* **PROBLEM TO SOLVE**
Would you transcribe the entries below, beginning at the line with "Yehen'S Villa 乌纳瓦图纳 外观 照片" and ending after the line with "2-bedroom rental at", exactly, with no picture and nothing more?

* **TASK INPUT**
╭──

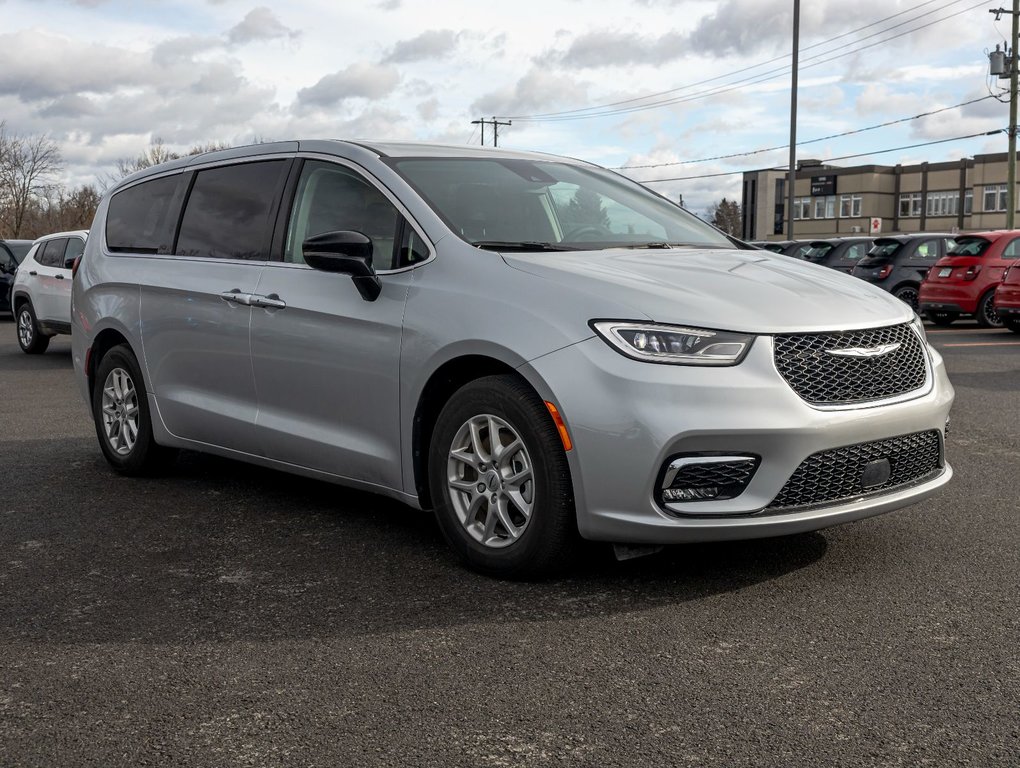 Chrysler Pacifica  2024 à St-Jérôme, Québec - 9 - w1024h768px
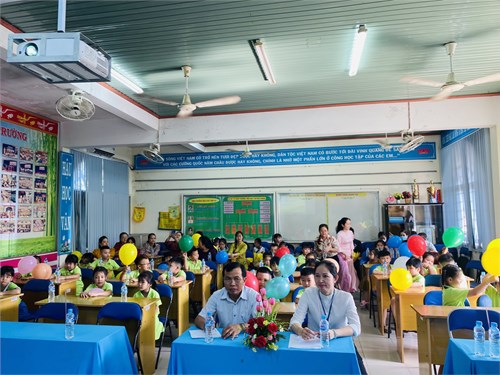 Tham quan trường Tiểu học của các bé 5 tuổi.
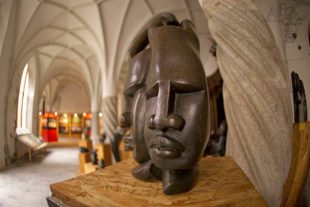 Africké sochy na výstavě Afrika divočina v srdci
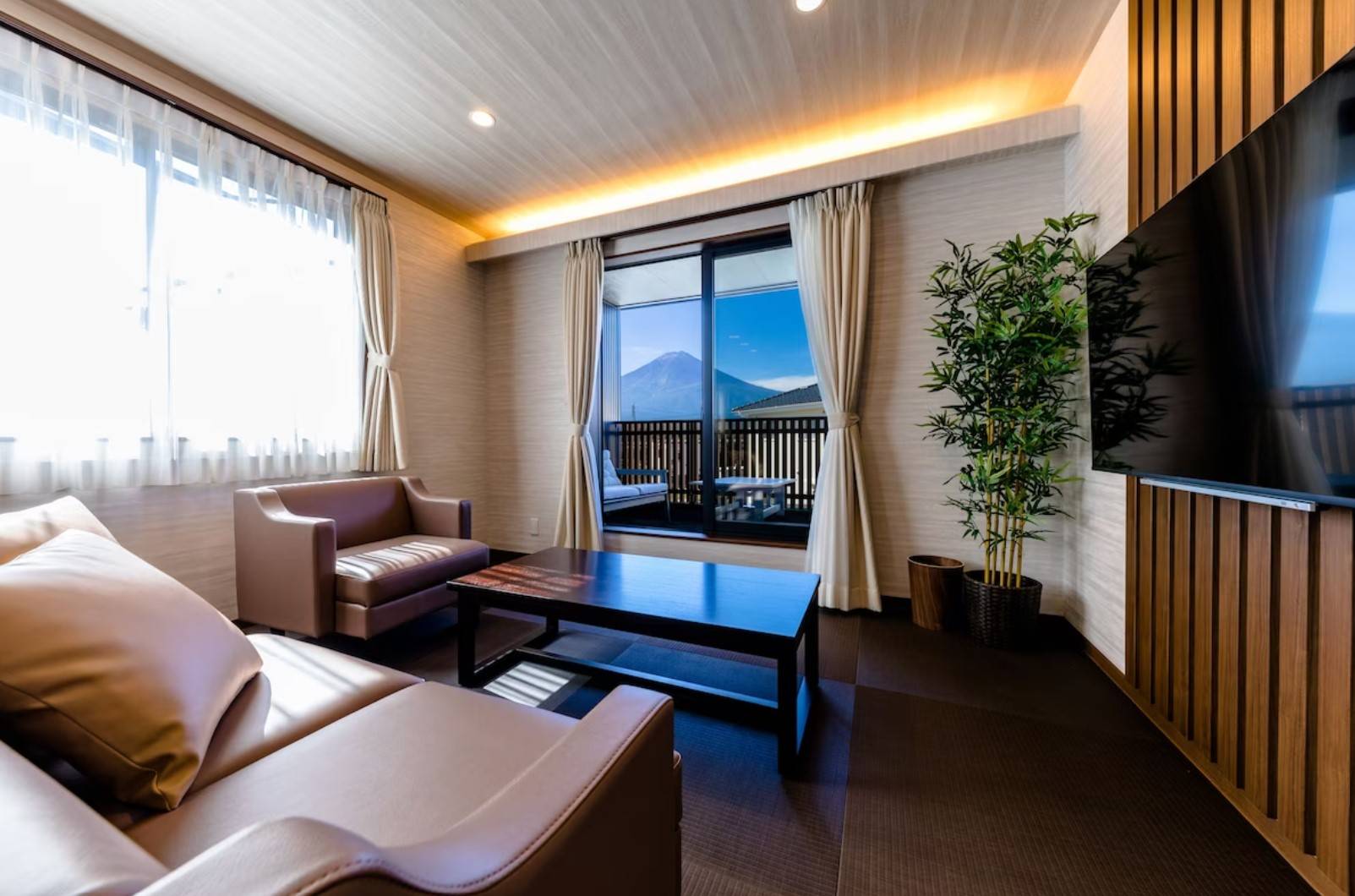 河口湖酒店 從客廳能眺望富士山景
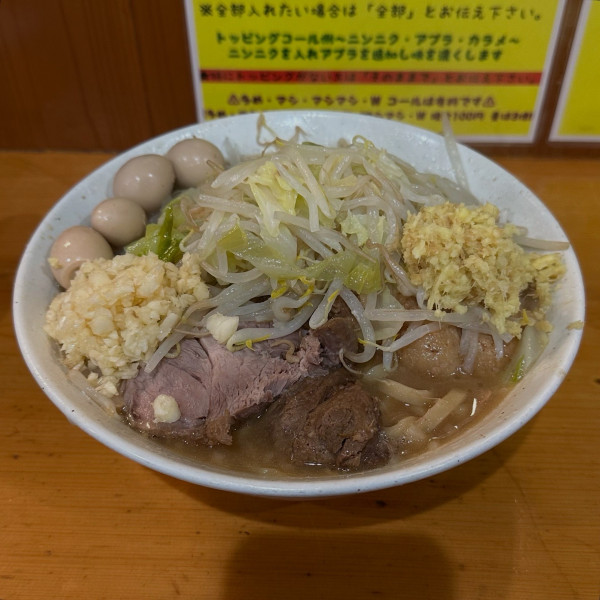 「ラーメン小」@ラーメン 滋悟郎の写真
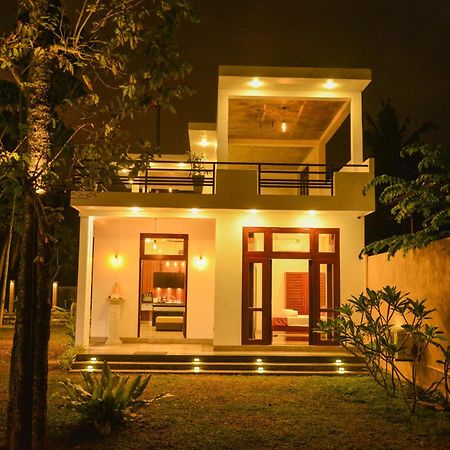 Yehen'S Villa 乌纳瓦图纳 外观 照片
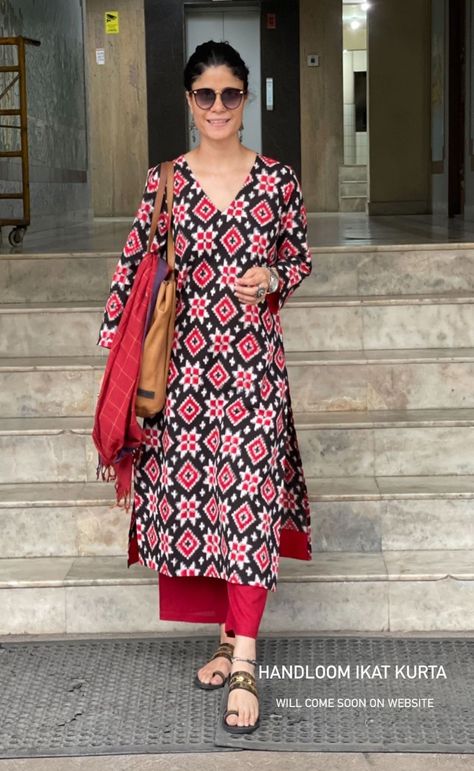 Ikat Kurti Designs Latest Cotton, Salwar Top Designs Latest, Patola Kurta Designs Women, Patola Design Kurti, Ikat Salwar Designs, Straight Kurti Neck Designs Latest, Casual Wear Kurti Designs, Latest Kurti Designs Pattern Cotton 2023, Office Kurta Sets For Women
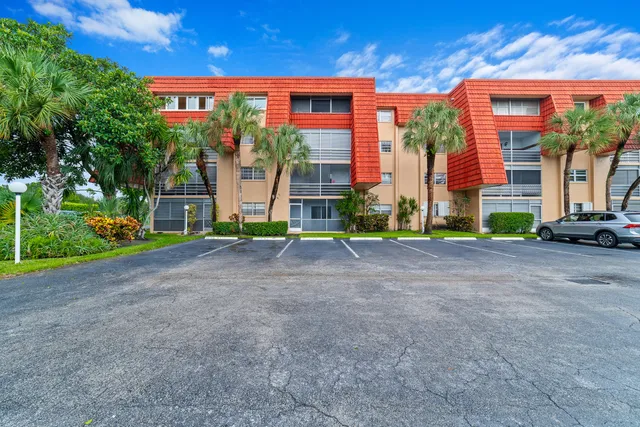 2-bedroom rental at 22615 SW 66TH Avenue #307, Boca Raton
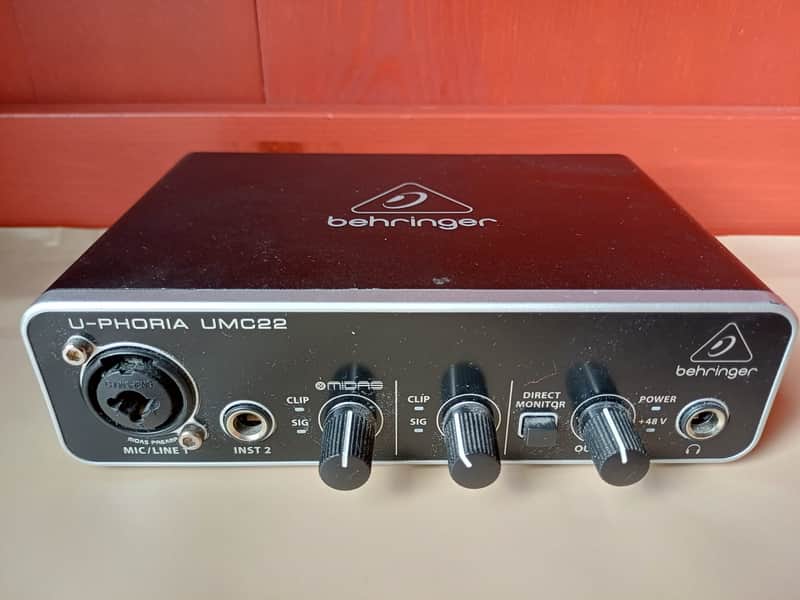 Behringer U-Phoria UMC22 USB Audio Interface 2013 - Present Black image 1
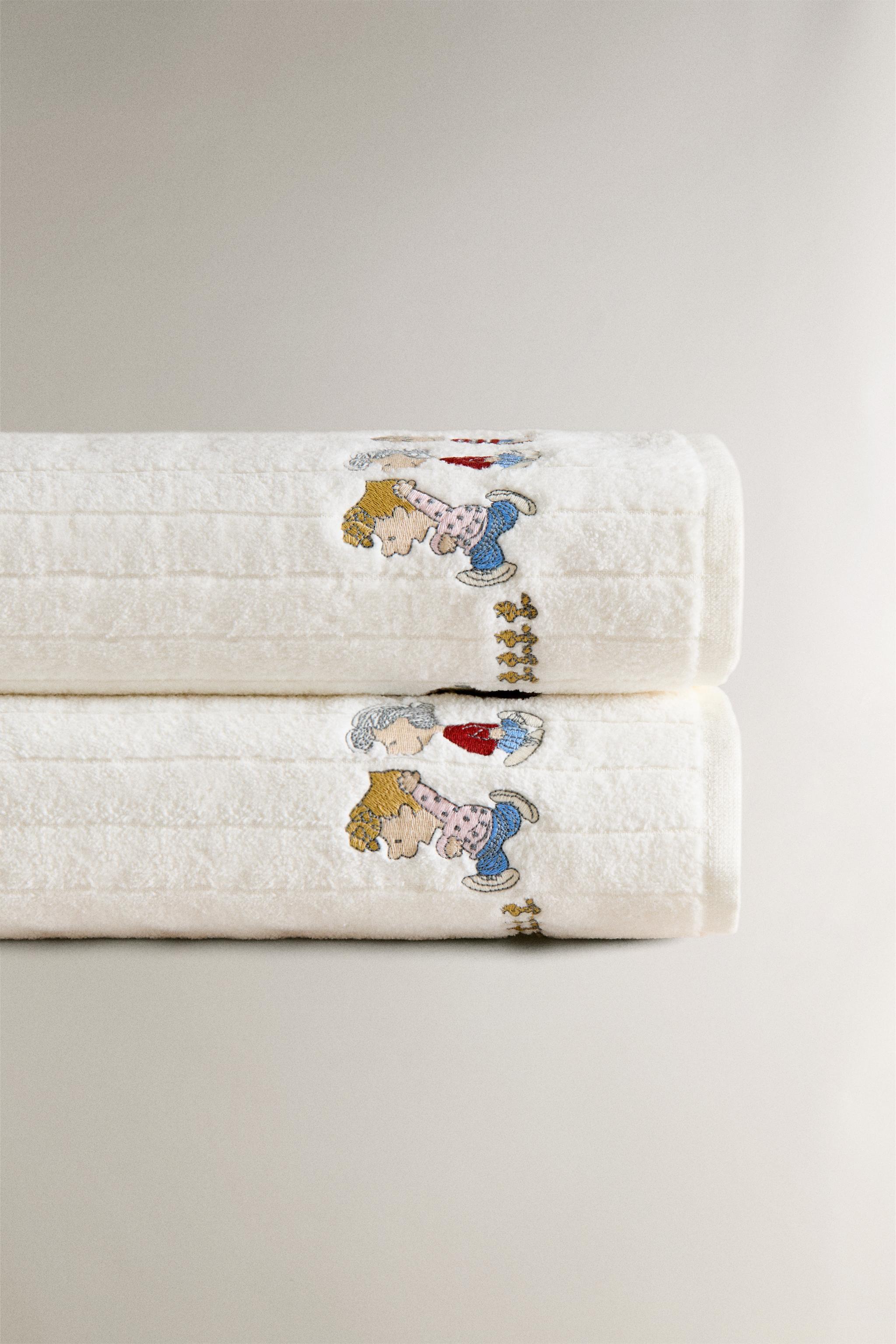 CHILDREN'S VELOUR PEANUTS™ TOWEL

╰──

* **RESPONSE TO THE EXERCISE**
 Yehen'S Villa 乌纳瓦图纳 外观 照片
 Ikat Kurti Designs Latest Cotton, Salwar Top Designs Latest, Patola Kurta Designs Women, Patola Design Kurti, Ikat Salwar Designs, Straight Kurti Neck Designs Latest, Casual Wear Kurti Designs, Latest Kurti Designs Pattern Cotton 2023, Office Kurta Sets For Women
 2-bedroom rental at 22615 SW 66TH Avenue #307, Boca Raton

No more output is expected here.